What you are asked to do:
These records contain pictures, which must be left out; copy exactly the lines from the one with "early varieties of" up to and including the one with "Garden in VIP Hotel".

+-------+

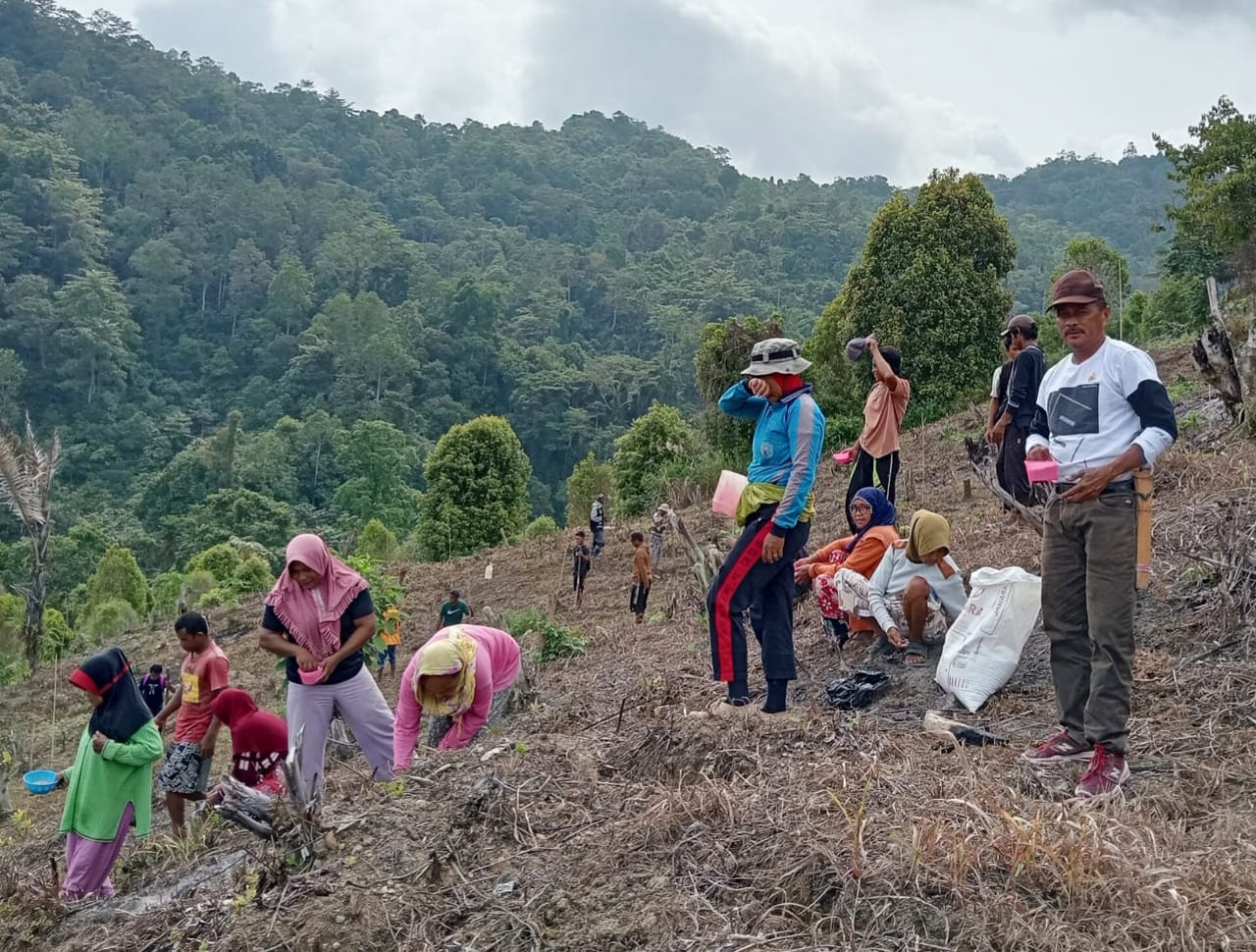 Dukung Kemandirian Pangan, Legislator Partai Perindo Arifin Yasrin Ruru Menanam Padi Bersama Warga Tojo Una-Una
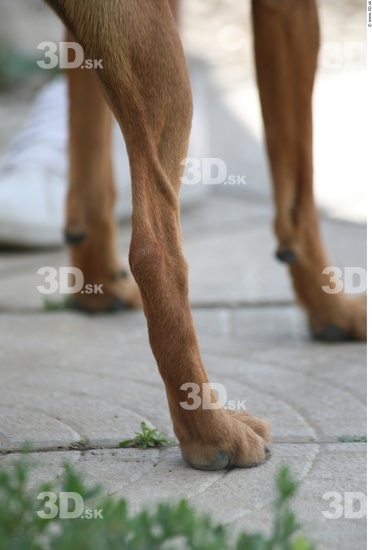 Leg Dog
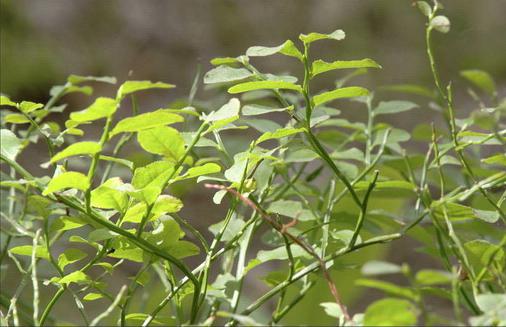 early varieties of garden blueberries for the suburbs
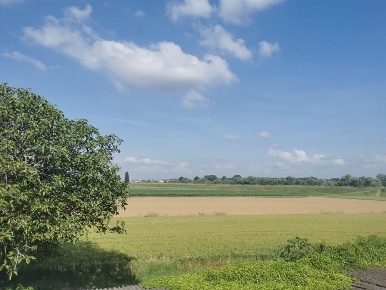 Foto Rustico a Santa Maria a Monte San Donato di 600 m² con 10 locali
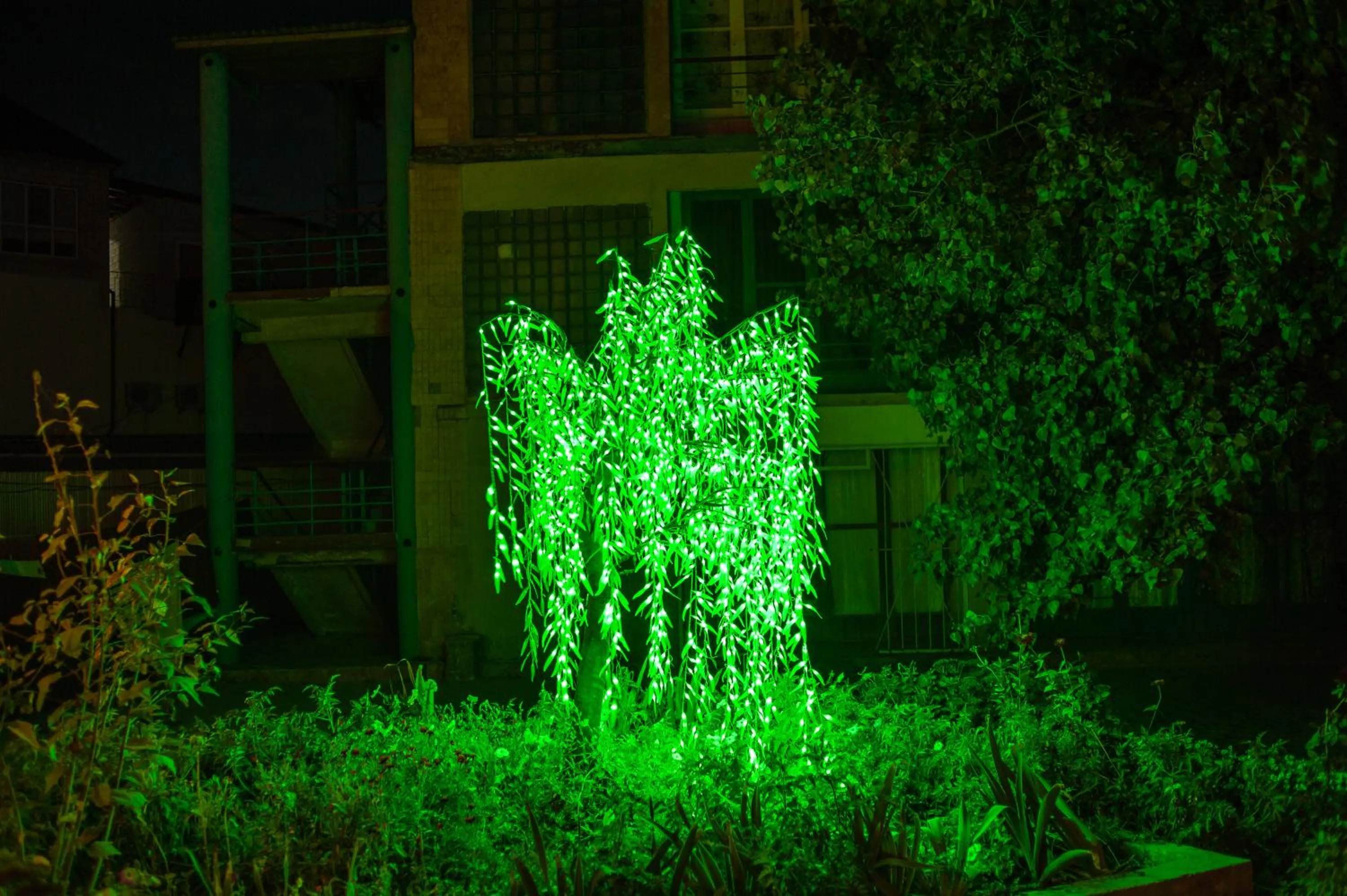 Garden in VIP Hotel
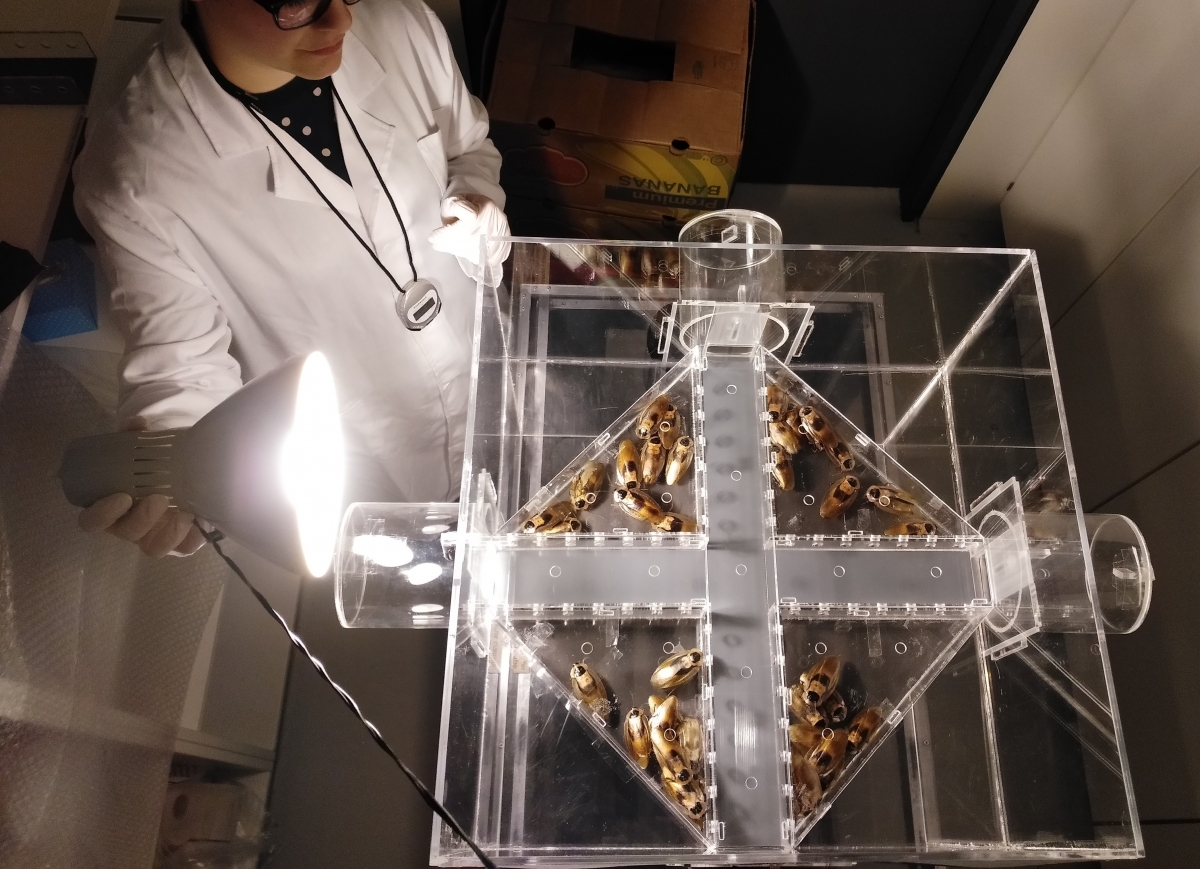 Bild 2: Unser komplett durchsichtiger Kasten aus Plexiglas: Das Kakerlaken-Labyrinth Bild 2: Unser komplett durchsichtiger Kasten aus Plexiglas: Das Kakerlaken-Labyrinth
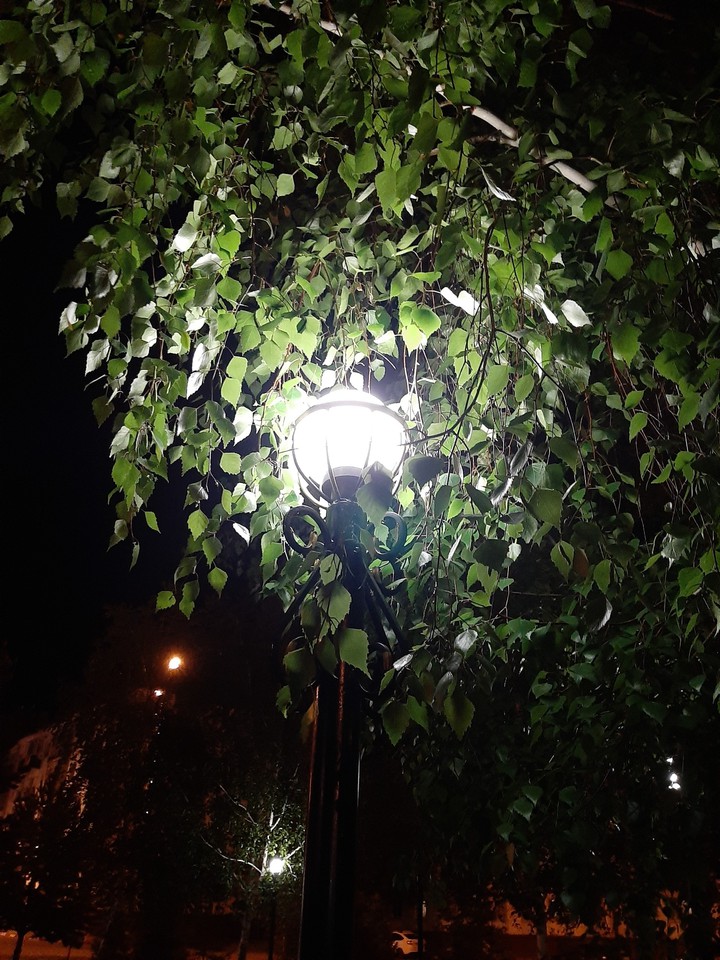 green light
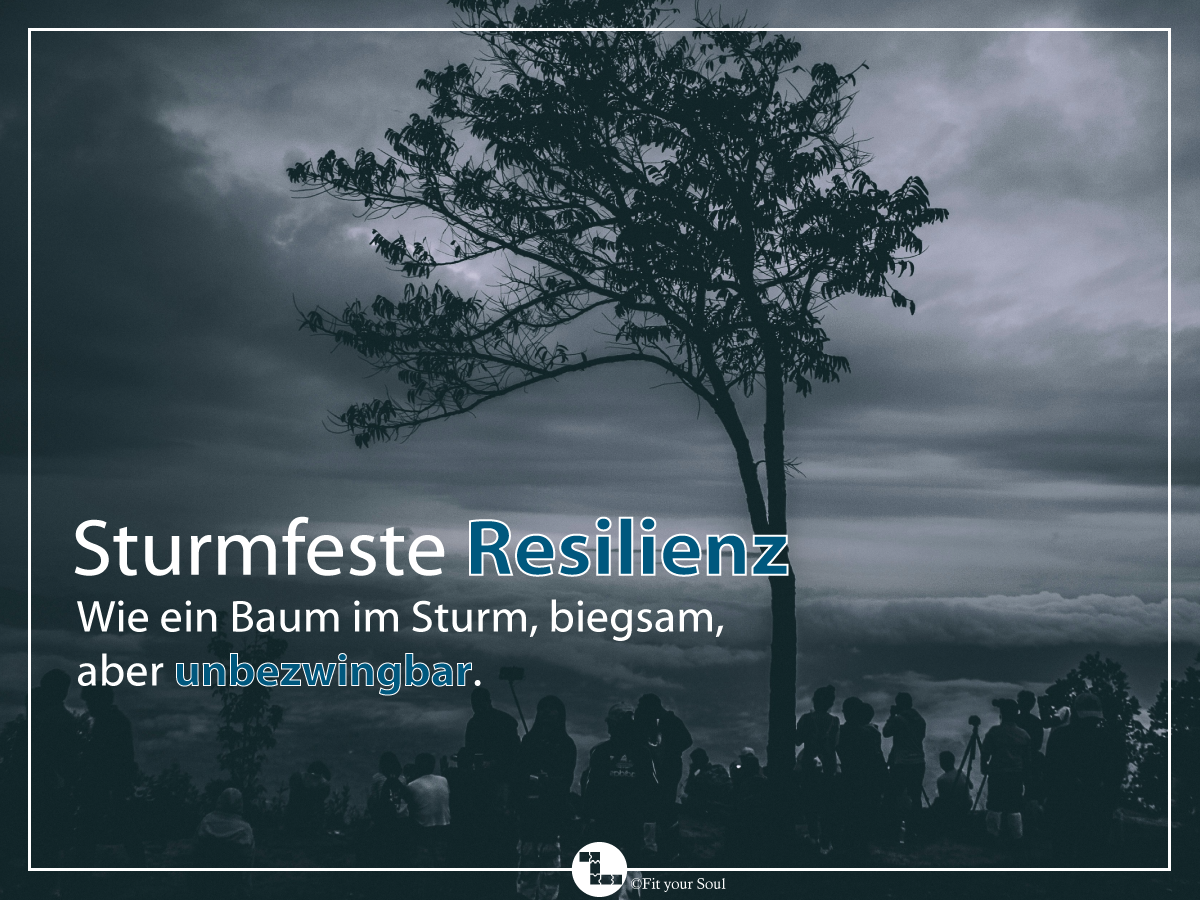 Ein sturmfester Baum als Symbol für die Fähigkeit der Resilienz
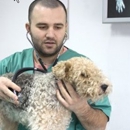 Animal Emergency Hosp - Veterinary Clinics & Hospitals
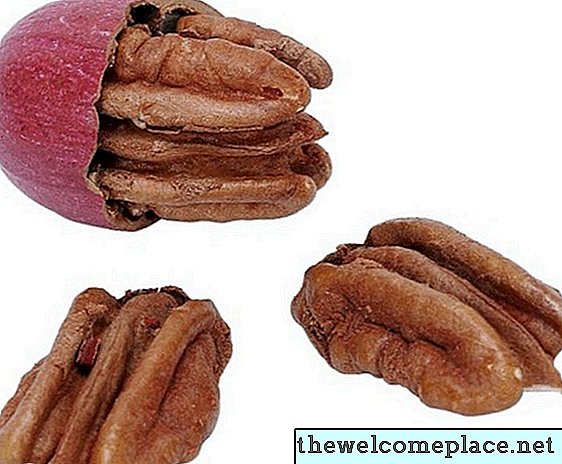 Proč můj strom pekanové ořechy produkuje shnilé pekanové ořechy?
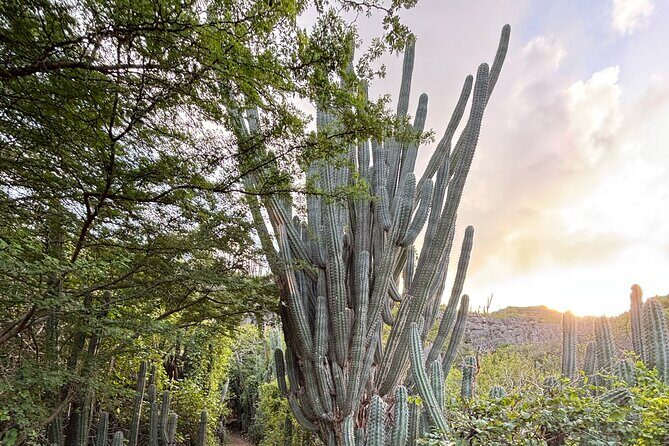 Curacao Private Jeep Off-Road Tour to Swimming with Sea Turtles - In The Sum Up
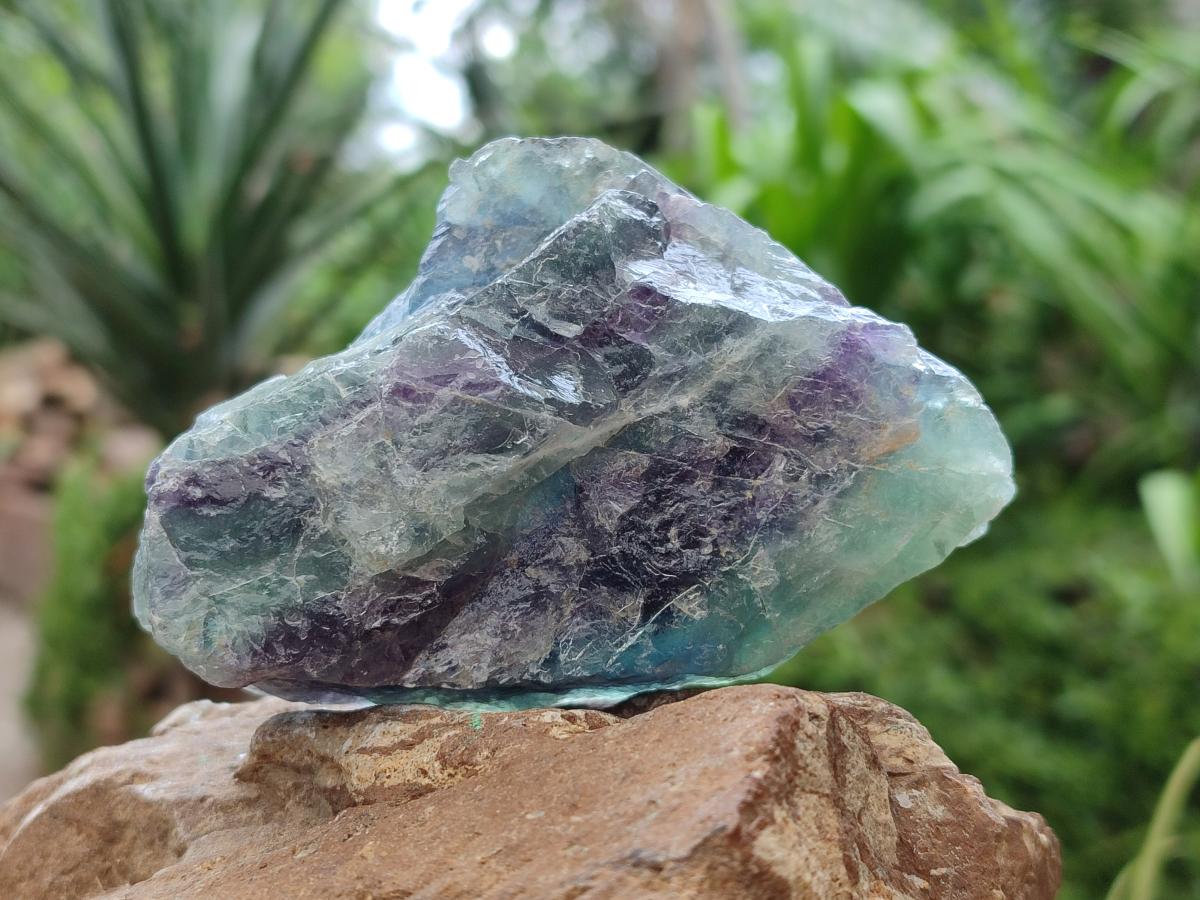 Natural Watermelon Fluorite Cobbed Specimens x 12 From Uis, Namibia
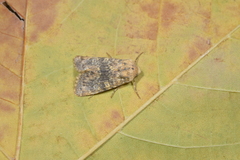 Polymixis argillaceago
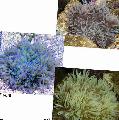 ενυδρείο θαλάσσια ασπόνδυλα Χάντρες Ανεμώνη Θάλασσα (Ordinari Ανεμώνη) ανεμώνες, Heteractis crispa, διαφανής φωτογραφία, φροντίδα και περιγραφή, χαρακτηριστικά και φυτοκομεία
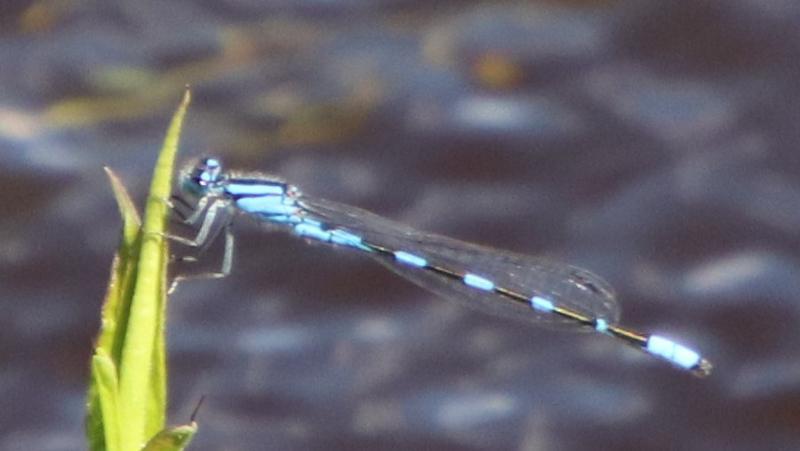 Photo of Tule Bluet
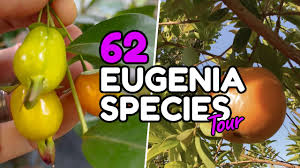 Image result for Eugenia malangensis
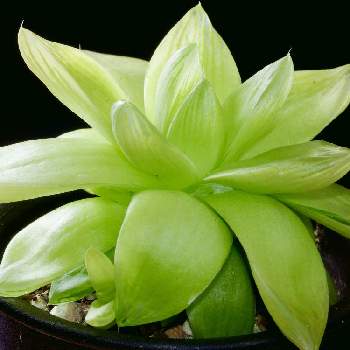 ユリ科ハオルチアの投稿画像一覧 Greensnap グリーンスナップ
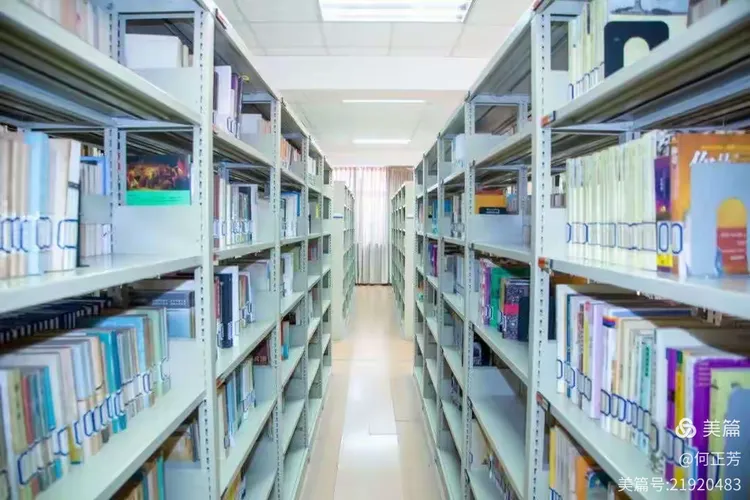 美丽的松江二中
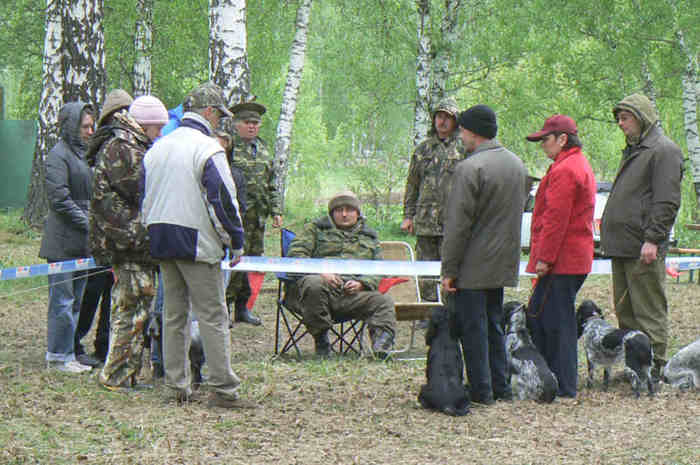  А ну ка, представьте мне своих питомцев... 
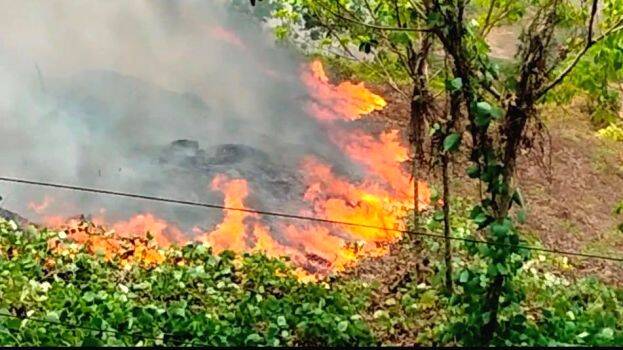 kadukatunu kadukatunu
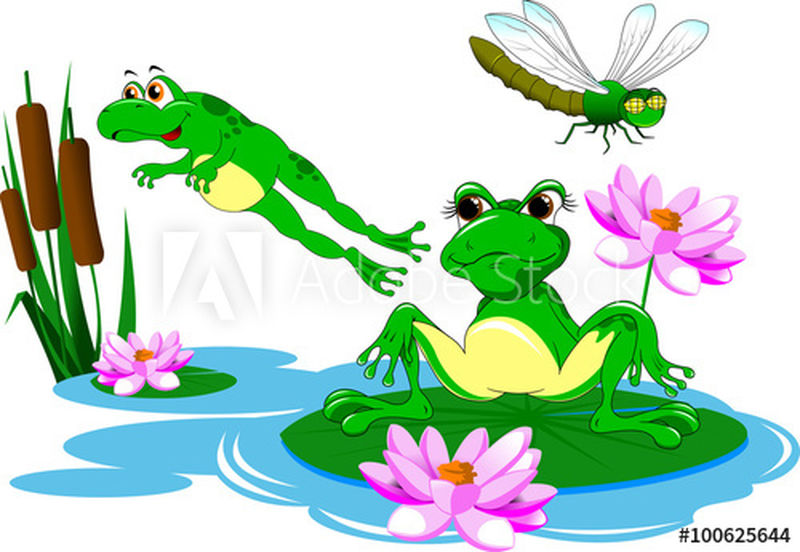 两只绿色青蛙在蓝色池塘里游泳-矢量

+-------+

Exercise solution:
 early varieties of garden blueberries for the suburbs
 Foto Rustico a Santa Maria a Monte San Donato di 600 m² con 10 locali
 Garden in VIP Hotel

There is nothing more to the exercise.